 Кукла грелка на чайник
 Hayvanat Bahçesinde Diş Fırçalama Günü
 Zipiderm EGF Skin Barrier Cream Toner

### HOW TO COMPLETE THIS TASK:
The answer is the full data, repeated exactly as shown.

### EXERCISE SOLUTION:
 Кукла грелка на чайник
 Hayvanat Bahçesinde Diş Fırçalama Günü
 Zipiderm EGF Skin Barrier Cream Toner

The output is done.